WORK INSTRUCTIONS
The entries should be restated word for word.

═══ SOURCE DATA ═══

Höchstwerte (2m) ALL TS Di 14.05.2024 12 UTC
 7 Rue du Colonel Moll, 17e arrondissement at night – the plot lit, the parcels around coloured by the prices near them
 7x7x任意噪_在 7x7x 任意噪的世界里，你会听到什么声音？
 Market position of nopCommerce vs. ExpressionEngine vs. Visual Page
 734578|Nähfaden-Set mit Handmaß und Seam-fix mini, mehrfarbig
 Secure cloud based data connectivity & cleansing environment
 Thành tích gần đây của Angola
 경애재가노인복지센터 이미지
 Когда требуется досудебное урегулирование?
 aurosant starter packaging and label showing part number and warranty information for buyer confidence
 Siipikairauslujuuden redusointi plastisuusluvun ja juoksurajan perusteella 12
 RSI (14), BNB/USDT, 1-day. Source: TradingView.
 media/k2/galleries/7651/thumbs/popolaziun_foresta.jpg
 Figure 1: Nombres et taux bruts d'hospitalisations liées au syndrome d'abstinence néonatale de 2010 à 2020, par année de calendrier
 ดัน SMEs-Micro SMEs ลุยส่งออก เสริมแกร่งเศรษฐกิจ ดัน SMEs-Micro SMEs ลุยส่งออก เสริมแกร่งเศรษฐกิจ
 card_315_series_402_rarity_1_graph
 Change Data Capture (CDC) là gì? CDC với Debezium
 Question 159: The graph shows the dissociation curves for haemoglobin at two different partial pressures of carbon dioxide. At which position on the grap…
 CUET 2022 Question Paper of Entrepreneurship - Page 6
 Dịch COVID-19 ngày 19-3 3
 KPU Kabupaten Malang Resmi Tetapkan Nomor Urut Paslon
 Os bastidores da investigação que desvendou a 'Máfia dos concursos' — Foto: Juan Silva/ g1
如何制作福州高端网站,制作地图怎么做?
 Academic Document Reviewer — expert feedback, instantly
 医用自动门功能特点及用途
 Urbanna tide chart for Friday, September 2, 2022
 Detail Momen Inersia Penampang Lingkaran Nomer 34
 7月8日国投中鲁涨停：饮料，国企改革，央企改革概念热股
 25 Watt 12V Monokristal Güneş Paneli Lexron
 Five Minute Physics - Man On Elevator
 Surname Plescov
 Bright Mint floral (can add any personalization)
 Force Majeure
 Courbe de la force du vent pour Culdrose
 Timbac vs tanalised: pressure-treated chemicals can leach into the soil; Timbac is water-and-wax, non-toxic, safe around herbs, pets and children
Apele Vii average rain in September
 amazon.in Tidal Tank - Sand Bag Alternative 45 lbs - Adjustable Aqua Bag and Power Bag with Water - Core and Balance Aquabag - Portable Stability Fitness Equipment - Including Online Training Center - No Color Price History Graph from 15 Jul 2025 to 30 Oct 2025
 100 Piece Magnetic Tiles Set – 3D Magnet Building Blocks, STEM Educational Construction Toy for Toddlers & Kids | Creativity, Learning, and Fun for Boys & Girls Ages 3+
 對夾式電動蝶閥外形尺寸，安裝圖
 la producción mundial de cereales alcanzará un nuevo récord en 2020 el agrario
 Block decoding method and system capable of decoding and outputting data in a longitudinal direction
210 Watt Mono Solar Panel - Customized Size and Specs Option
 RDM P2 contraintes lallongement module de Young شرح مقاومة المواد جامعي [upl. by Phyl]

═══

OUTPUT FOR THIS EXERCISE
Höchstwerte (2m) ALL TS Di 14.05.2024 12 UTC
 7 Rue du Colonel Moll, 17e arrondissement at night – the plot lit, the parcels around coloured by the prices near them
 7x7x任意噪_在 7x7x 任意噪的世界里，你会听到什么声音？
 Market position of nopCommerce vs. ExpressionEngine vs. Visual Page
 734578|Nähfaden-Set mit Handmaß und Seam-fix mini, mehrfarbig
 Secure cloud based data connectivity & cleansing environment
 Thành tích gần đây của Angola
 경애재가노인복지센터 이미지
 Когда требуется досудебное урегулирование?
 aurosant starter packaging and label showing part number and warranty information for buyer confidence
 Siipikairauslujuuden redusointi plastisuusluvun ja juoksurajan perusteella 12
 RSI (14), BNB/USDT, 1-day. Source: TradingView.
 media/k2/galleries/7651/thumbs/popolaziun_foresta.jpg
 Figure 1: Nombres et taux bruts d'hospitalisations liées au syndrome d'abstinence néonatale de 2010 à 2020, par année de calendrier
 ดัน SMEs-Micro SMEs ลุยส่งออก เสริมแกร่งเศรษฐกิจ ดัน SMEs-Micro SMEs ลุยส่งออก เสริมแกร่งเศรษฐกิจ
 card_315_series_402_rarity_1_graph
 Change Data Capture (CDC) là gì? CDC với Debezium
 Question 159: The graph shows the dissociation curves for haemoglobin at two different partial pressures of carbon dioxide. At which position on the grap…
 CUET 2022 Question Paper of Entrepreneurship - Page 6
 Dịch COVID-19 ngày 19-3 3
 KPU Kabupaten Malang Resmi Tetapkan Nomor Urut Paslon
 Os bastidores da investigação que desvendou a 'Máfia dos concursos' — Foto: Juan Silva/ g1
如何制作福州高端网站,制作地图怎么做?
 Academic Document Reviewer — expert feedback, instantly
 医用自动门功能特点及用途
 Urbanna tide chart for Friday, September 2, 2022
 Detail Momen Inersia Penampang Lingkaran Nomer 34
 7月8日国投中鲁涨停：饮料，国企改革，央企改革概念热股
 25 Watt 12V Monokristal Güneş Paneli Lexron
 Five Minute Physics - Man On Elevator
 Surname Plescov
 Bright Mint floral (can add any personalization)
 Force Majeure
 Courbe de la force du vent pour Culdrose
 Timbac vs tanalised: pressure-treated chemicals can leach into the soil; Timbac is water-and-wax, non-toxic, safe around herbs, pets and children
Apele Vii average rain in September
 amazon.in Tidal Tank - Sand Bag Alternative 45 lbs - Adjustable Aqua Bag and Power Bag with Water - Core and Balance Aquabag - Portable Stability Fitness Equipment - Including Online Training Center - No Color Price History Graph from 15 Jul 2025 to 30 Oct 2025
 100 Piece Magnetic Tiles Set – 3D Magnet Building Blocks, STEM Educational Construction Toy for Toddlers & Kids | Creativity, Learning, and Fun for Boys & Girls Ages 3+
 對夾式電動蝶閥外形尺寸，安裝圖
 la producción mundial de cereales alcanzará un nuevo récord en 2020 el agrario
 Block decoding method and system capable of decoding and outputting data in a longitudinal direction
210 Watt Mono Solar Panel - Customized Size and Specs Option
 RDM P2 contraintes lallongement module de Young شرح مقاومة المواد جامعي [upl. by Phyl]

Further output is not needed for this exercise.